BİZ, BİZE YAKIŞANI YAPTIK

Başbakan Yıldırım, Türkiye'nin bulunduğu coğrafya itibarıyla tarih boyunca herkesin gözünün üzerinde olduğunu vurgulayarak, bunun sebebinin, Türkiye'nin doğuyla batı medeniyetleri arasında bir geçiş bölgesinde olması olduğunu  bildirdi.

Türkiye'nin sadece bulunduğu bölgede milletinin, ülkesinin geleceğini inşa etmekle kalmadığını, farklı medeniyetlerin de barış içinde birlikte yaşamasını sağlayan bir görevi ifa ettiğine işaret eden Yıldırım, şunları kaydetti:

"Etrafımızda çok ciddi istikrarsızlıklar var, bu yönde gelişmeler var. Suriye, Irak ve bütün Ortadoğu'da, Karadeniz'in kuzeyinde yaşanan bu istikrarsızlıklardan en fazla etkilenen ülke Türkiyedir. Türkiye son 6 yıldır bunun bedelini ödüyor. Maalesef birçok bakımdan bedelini ödüyor. Mülteciler, ilk önce canlarını kurtarmak için Türkiye'nin yolunu tutuyor. Biz geleneğimiz, tarihimiz, geçmişimiz itibarıyla kapımıza geleni geri çeviremeyiz. Bütün bu kardeşlerimizi, can güvenliği korkusuyla yerlerini yurtlarını terk eden bu insanları bağrımıza bastık, ekmeğimizi paylaştık. 

Biz, bize yakışanı yaptık. Aynı zamanda da bölgedeki sorunların çözülmesi için Türkiye olarak en aktif bir şekilde çabalarımızı sürdürüyoruz. Suriye'de bir an önce bu anlamsız savaşın sona ermesi, daha fazla masum insanın hayatını kaybetmemesi için bölgedeki bütün paydaşlarla yakın temaslarımız devam ediyor. Türkiye sadece bölücü terörle uğraşmıyor aynı zamanda güney sınırlarımızdan sızarak ülkemizde intihar eylemleri gerçekleştiren DEAŞ terör örgütüyle de amansız bir mücadele veriyor."

Fırat Kalkanı Harekatı hakkında bilgi veren Yıldırım, amacın "Türkiye'nin hudutlarının güvenliğini sağlamak ve bölgede yaşayan vatandaşların can ve mal emniyetini teminat altına almak" olduğunu açıkladı. Yıldırım, operasyon kapsamında bugüne kadar yaklaşık bin kilometrekarelik bir alanın terör unsurlarından tamamen temizlendiğini ve buraya asli unsur olan Suriyeli mültecilerin dönerek yerleşmeye başladığını söyledi.
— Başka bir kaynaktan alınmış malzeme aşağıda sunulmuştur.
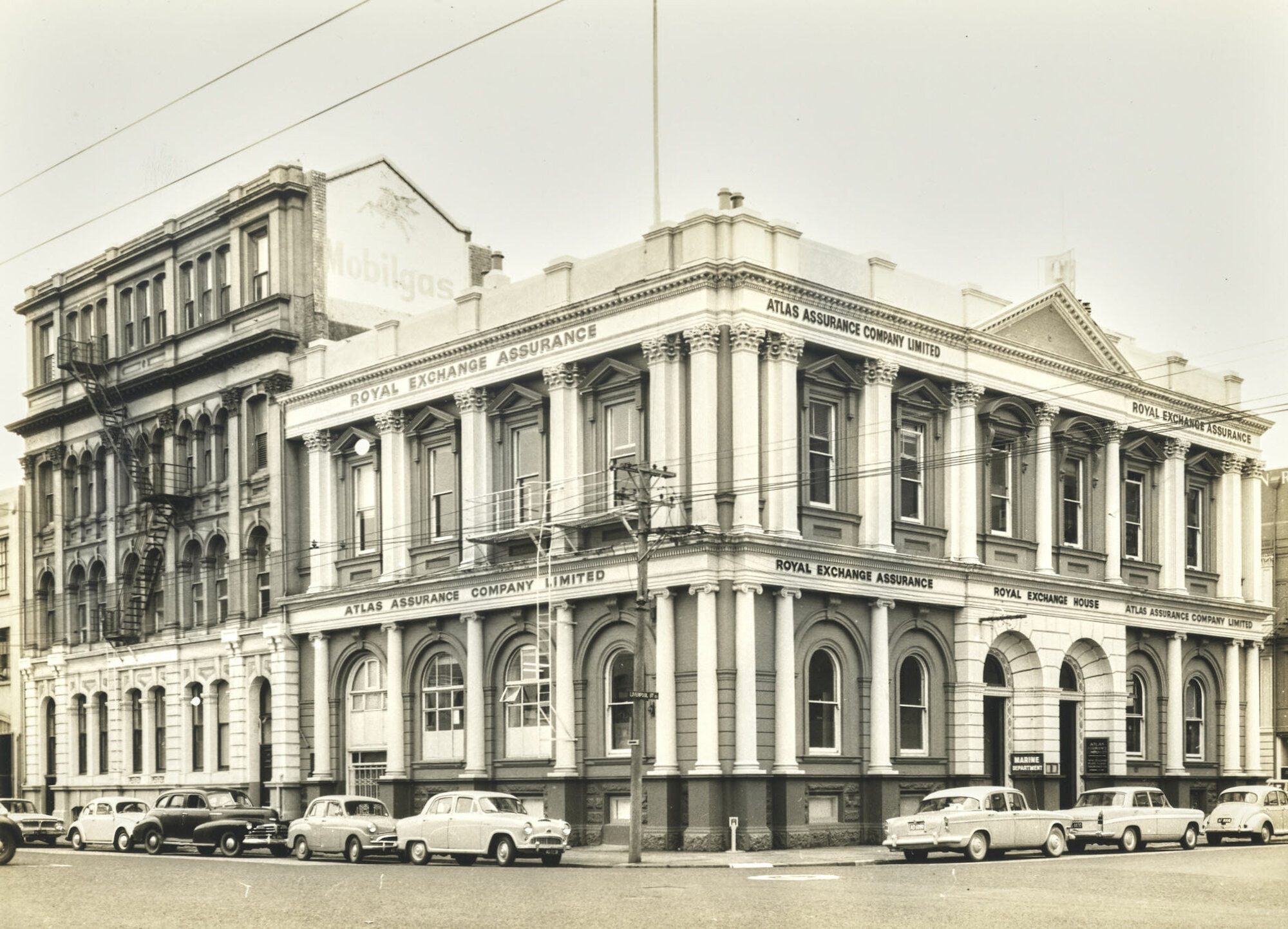 Royal Exchange House and Central Chambers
Harekat öncesi Cerablus'ta 200 sivilin yaşadığını, şimdi ise Türkiye'den buraya giden Suriyeli sığınmacılarla sayının 2 bin - 2 bin 500'e ulaştığının altını çizen Yıldırım, "Biz aslında Suriye'nin normale dönmesi için işin bir yerinden başlamış bulunuyoruz. Diğer ülkelerin de aynı şekilde biran önce terör gruplarını ortadan kaldırarak, Suriye'nin toprak bütünlüğünü koruyacak şekilde, bütün etnik yapıların birlikte yaşayacağı ve herkesin temsil edileceği bir yönetime ulaşması için gerekli sorumluluğu yerine getirmesini bekliyoruz." diye konuştu.
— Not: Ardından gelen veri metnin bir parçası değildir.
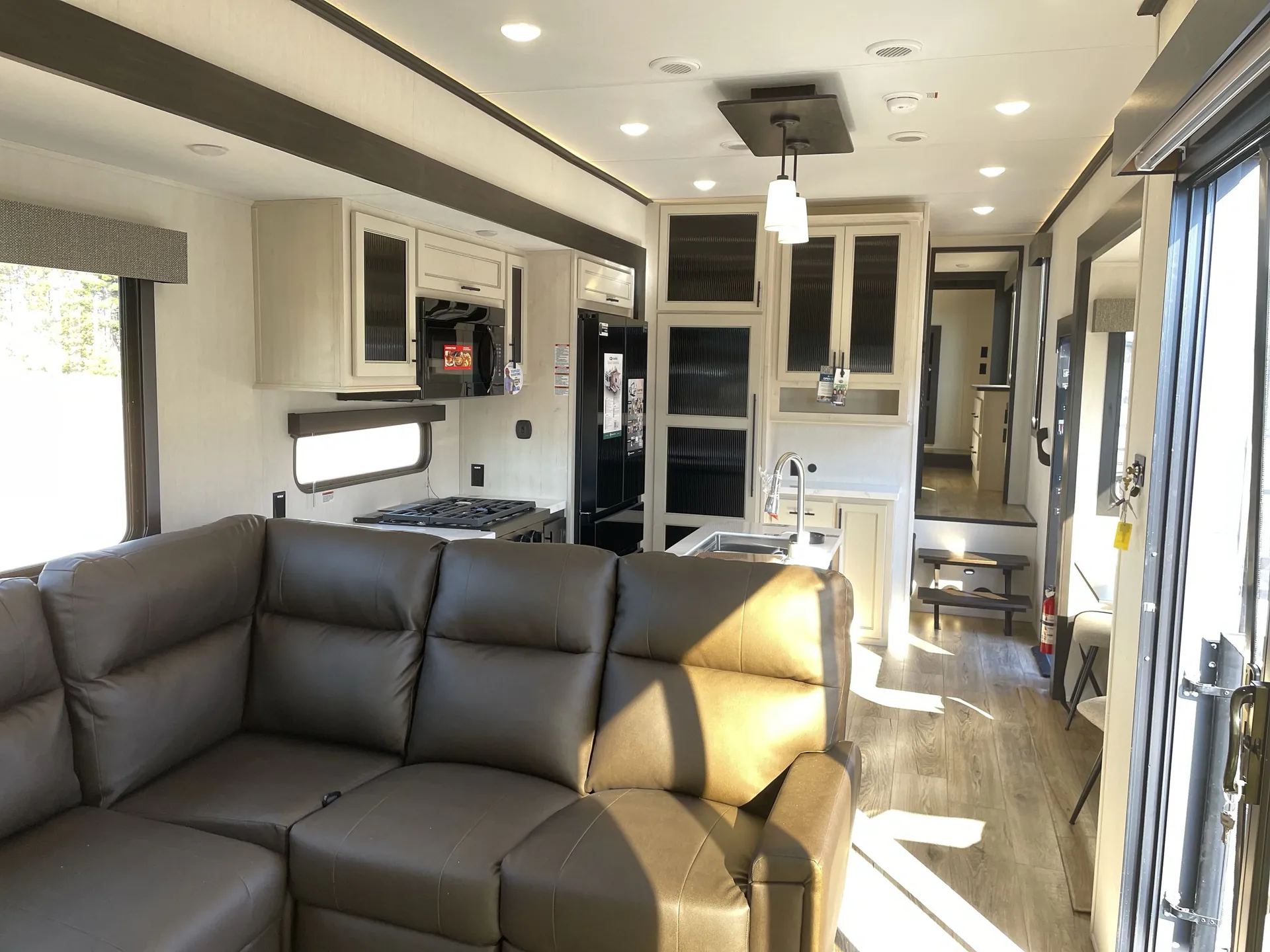 2026 Forest River Sabre 33RLP — living area main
Bu konuda, Rusya, ABD ve İran'la aktif temasların sürdüğünü aktaran Yıldırım, "İnşallah burada da her türlü olumsuzluğa rağmen bir mesafe katederiz diye düşünüyoruz." ifadesini kullandı.

MUSUL OPERASYONU

Son günlerde Musul'un DAEŞ'ten temizlenmesi konusunun gündemde olduğuna dikkati çeken Yıldırım, özellikle ABD'nin böyle bir faaliyet içinde olduğunu söyledi.

ABD'nin, bu ay içerisinde böyle bir operasyonu Irak merkezi hükümeti ve bölgedeki aşiretlerden oluşan milis gücüyle yapma amacında olduğunu dile getiren Başbakan Yıldırım, bu konuda Türkiye'nin hassasiyetinin ise malum olduğunu vurguladı.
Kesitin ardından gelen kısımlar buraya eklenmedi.